Ya avanzada su década de los veinte años, Charles Darwin, un hombre aparentemente tímido y nada romántico, decidió que era hora de considerar la posibilidad de casarse. Como relata el psicólogo clínico británico Frank Tallis, la idea no le entusiasmaba en absoluto. Acababa de regresar de cinco años de libertad total en el Beagle, en un viaje alrededor del mundo. En una hoja de papel trazó dos columnas: razones para casarse y razones para no hacerlo. No le costó en absoluto rellenar la segunda columna: tendría menos tiempo para dedicarse a sí mismo, para ir al club de caballeros que frecuentaba, para leer. Darwin añadió en la columna negativa que tendría que perder el tiempo aguantando a los familiares de su futura esposa y que dispondría de menos dinero para sus necesidades. Terminó la columna preguntándose: «¿Cómo podría ocuparme de mis asuntos si cada día me viese obligado a ir a pasear con mi mujer? ¡Oh! No aprendería francés, no viajaría al continente, no iría a América, ni de viaje en globo, ni a caminar en solitario por Gales... pobre esclavo...».

«
El amor es ciego.» Charles Darwin y su esposa Emma, retratados por George Richmond.

La columna de los beneficios que aportaba el matrimonio le pareció muy difícil de rellenar. Al final sugirió que tener esposa era mejor que «tener un perro». Lo completó con este apunte: «Encantos de la conversación frívola femenina y de la música —cosas buenas para la salud—, pero menuda pérdida de tiempo».

Unos meses más tarde, Darwin se enamoró locamente de su prima Emma Wedgwood. La voz del solterón empedernido se acalló definitivamente; no dormía, estaba desesperado por casarse con su dulce Emma, según recoge la correspondencia que intercambiaron. Su libertad de antaño ya no le importaba; sólo quería estar junto a Emma, que le llenaba de felicidad. «Creo que me vas a humanizar, a enseñar que existe una felicidad mayor que la de tejer teorías y acumular hechos en silencio y soledad.»

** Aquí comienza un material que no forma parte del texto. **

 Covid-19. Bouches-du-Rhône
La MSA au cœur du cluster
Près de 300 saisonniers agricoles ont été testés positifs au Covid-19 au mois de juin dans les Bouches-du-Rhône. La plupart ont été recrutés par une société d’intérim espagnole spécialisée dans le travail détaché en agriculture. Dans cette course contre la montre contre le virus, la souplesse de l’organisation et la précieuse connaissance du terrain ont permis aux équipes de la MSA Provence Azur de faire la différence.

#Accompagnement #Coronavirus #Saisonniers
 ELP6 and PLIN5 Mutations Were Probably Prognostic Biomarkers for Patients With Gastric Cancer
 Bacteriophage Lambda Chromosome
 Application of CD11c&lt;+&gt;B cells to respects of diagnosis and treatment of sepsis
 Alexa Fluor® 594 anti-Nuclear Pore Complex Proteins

El proceso de conversión de soltero escéptico a marido amante siguió tras el matrimonio, que llegó a tener diez hijos. Darwin se alejó de sus actividades anteriores y disfrutó de una vida familiar plena. En las semanas que precedieron a su matrimonio, Darwin apuntó en su diario: «Qué pasa por la mente de un hombre cuando dice que está enamorado... es un sentimiento ciego».

«El amor es ciego» también expresa la naturaleza subconsciente del amor. El amor es, ante todo, un impulso ancestral circunscrito a una parte muy pequeña del cerebro, pero enormemente complejo. Este instinto de fusión con otro organismo influye y se ve influido por el resto del sistema emocional, incluido el interés sexual. Como sentencia Darwin en La expresión de las emociones en humanos y animales, existe una clara conexión entre la teoría evolutiva y la psicología. Las emociones pueden comprenderse en función de su fin o utilidad. Se entiende que el amor, la memoria, el lenguaje, la emoción y la consciencia tienen todas una función, que son a su vez el resultado de millones de años de selección natural.

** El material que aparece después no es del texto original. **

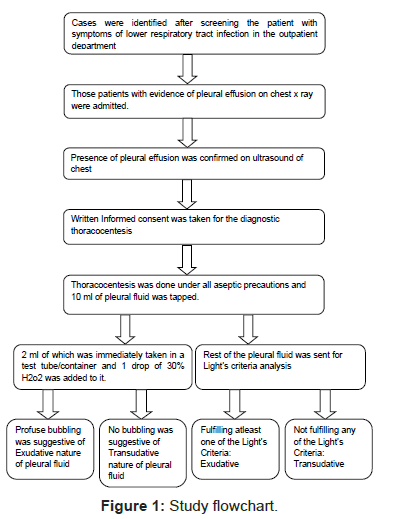 Catalase Assay Flow Chart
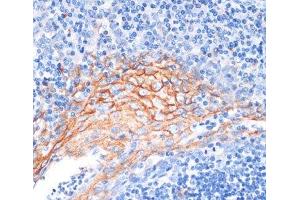 Immunohistochemistry of paraffin-embedded Human tonsil using AREG Polyclonal Antibody at dilution of 1:100 (40x lens).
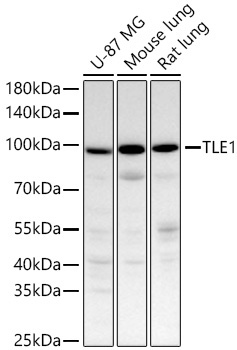 TLE1 Rabbit Monoclonal Antibody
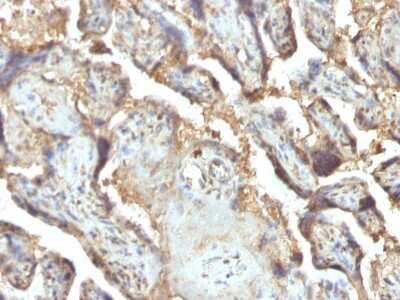 Immunohistochemistry-Paraffin: Galectin 13 Antibody (PP13/1165) [NBP2-53168] - Formalin-fixed, paraffin-embedded human Placenta stained with Galectin-13 / PP13 Monoclonal Antibody (PP13/1165).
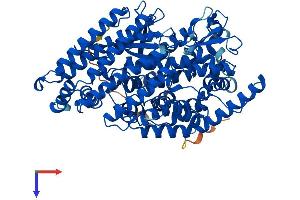 AlphaFold protein structure predicition of Human Recombinant THOP1 Protein, UniprotID P52888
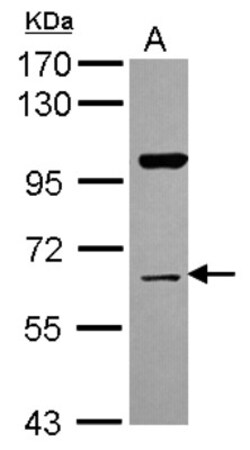 NRBP1 Antibody, Novus Biologicals 0.1 mL | Buy Online | Novus Biologicals | Fisher Scientific
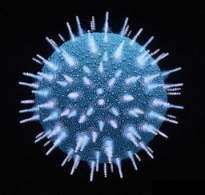 Sida : une nouvelle stratégie suscite l'espoir d'une vraie guérison Une nouvelle stratégie de lutte, indirecte, contre le virus du Sida montre des résultats très prometteurs. Crédits DR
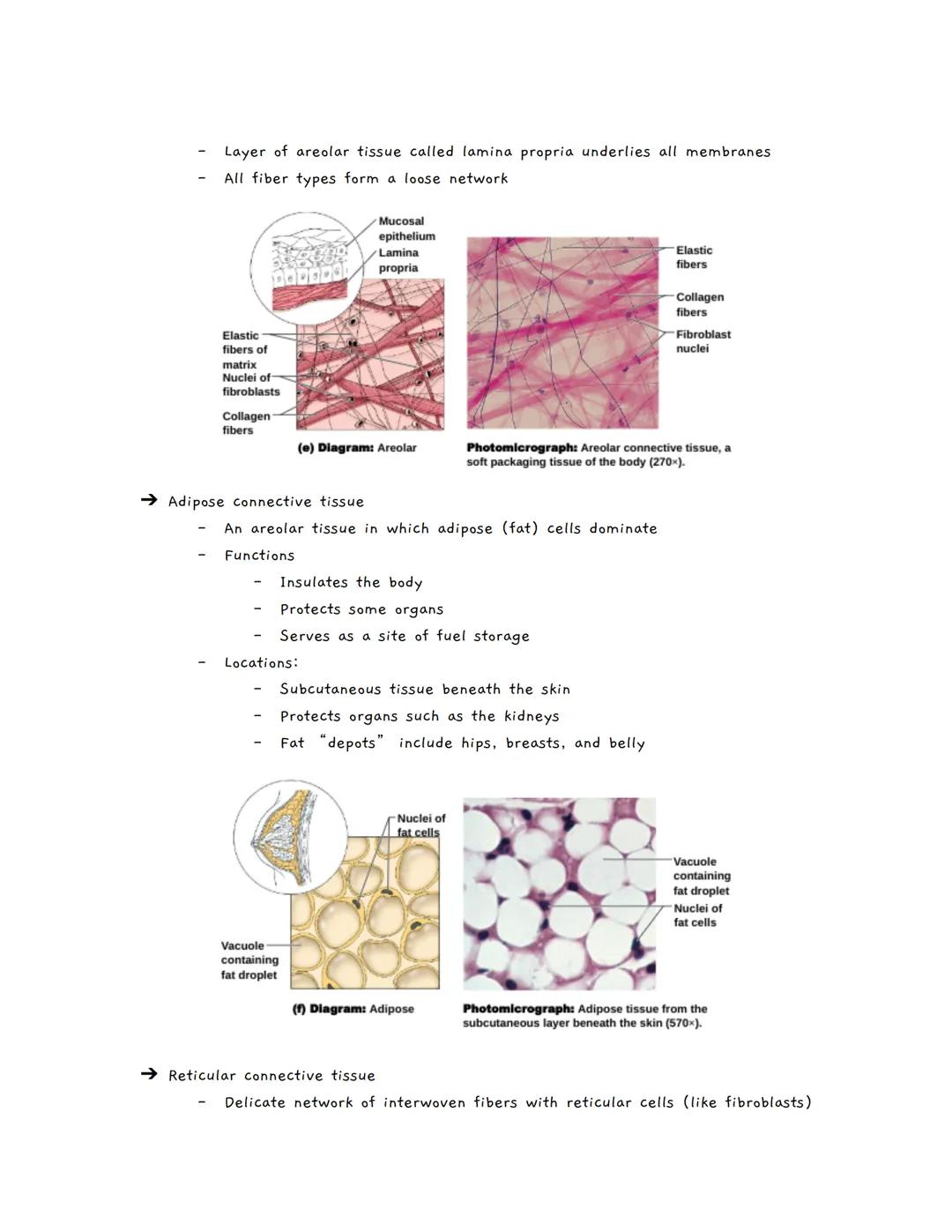 # Body Tissues
Tissues
★ Groups of cells with similar structure and function
• Four primary types:
1. Epithelial tissue (epithelium)
2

Una vez conocidas y asumidas las razones evolutivas de ese acontecimiento biológico podremos indagar, con cierto conocimiento de causa, en otros interrogantes evidentes: si el amor es también el resultado de la eficacia con que tiende a funcionar la selección natural y la selección sexual, ¿por qué un instinto tan idóneo para garantizar la supervivencia constituye, al mismo tiempo, una fuente sin fin de problemas y sufrimiento? Si están claras las razones evolutivas del amor, ¿por qué su existencia, simultáneamente, complica tanto la vida de la gente?